Any writing course can tell you that one of the most important components of a protagonist are their wants, needs, and drives. I say the same is true for a player character. Unfortunately, due to the compromises inherent in creating a personality only tangentially related to a plot narrative that the player knows little to nothing about, this is the one area most often glossed over or abandoned in favor of providing the Game Master greater ease in propelling your character forward through the story.
The trouble with that is it often leads to rather aimless characters who aren't particularly motivated to stay on the railroad tracks but require the tracks to keep them off the couch watching Daylight Soaps. This issue can particularly plague characters made along 'realistic' lines as most people would realistically avoid danger for safety. Of course, one can argue that the game world is full of such realistic characters. They're called NPCs.

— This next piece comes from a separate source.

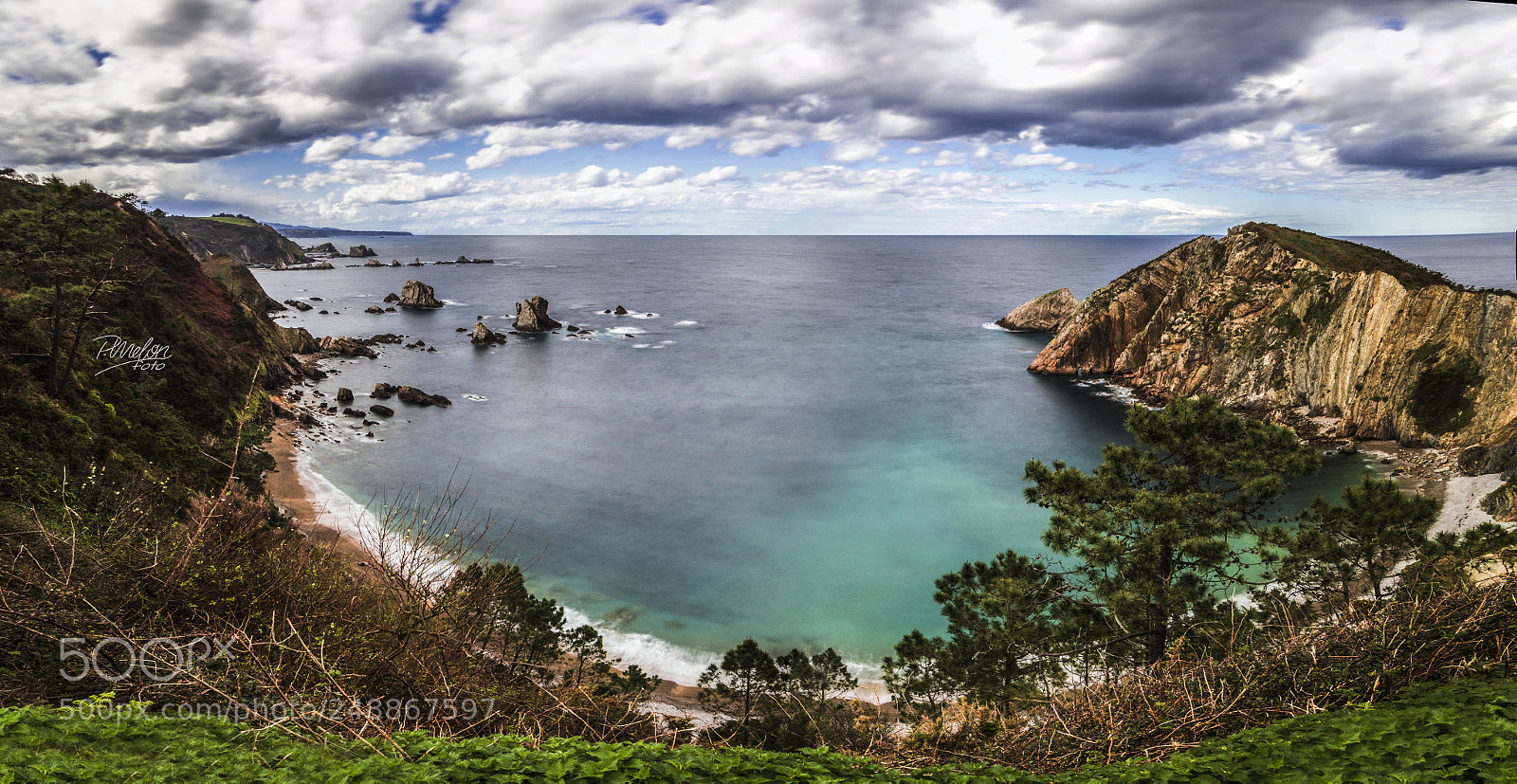Sony SLT-A68 sample photo. Playa del silencio 2 images photography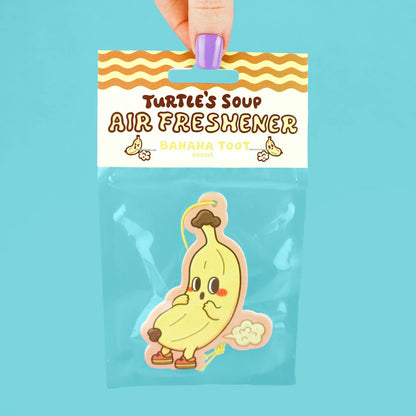 Banana Toot Car Vehicle Scented Air Freshener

A PC is a protagonist. An internal motivation and propensity to act makes for a far more compelling character than one who has to be dragged along through sucker punches like 'kidnapped loved ones'. And such motivations can be quite vague. Think of the differences between a Ventrue who has a higher order drive toward Perfection, Control, Power, Possession, or Affirmation. Sure, their personality might be somewhat the same, but there'll be lots of little distinctions between HOW they behave and what choices they would make.
Of course, I think part of the blame for de-motivated PCs rests with the Game Master. It's difficult for a player to fully understand what sort of character would work in the game (presuming it's a character type they would even enjoy) and it's doubly hard for a group of players to create characters that are actually complementary with each other. So the compromise is to create characters that make fewer waves by wanting 'what the plot wants them to want'.
So, to put my money where my mouth is, my next post will involve me creating a multi-faceted and motivated character to insert into a Pathfinder pre-written campaign. I'll then let you all know if it works out to be complementary rather than problematic, given that we're obviously 'on rails' to a certain extent. If I can pull it off there, the rest of you can pull it off anywhere (presuming your Game Masters aren't complete turds).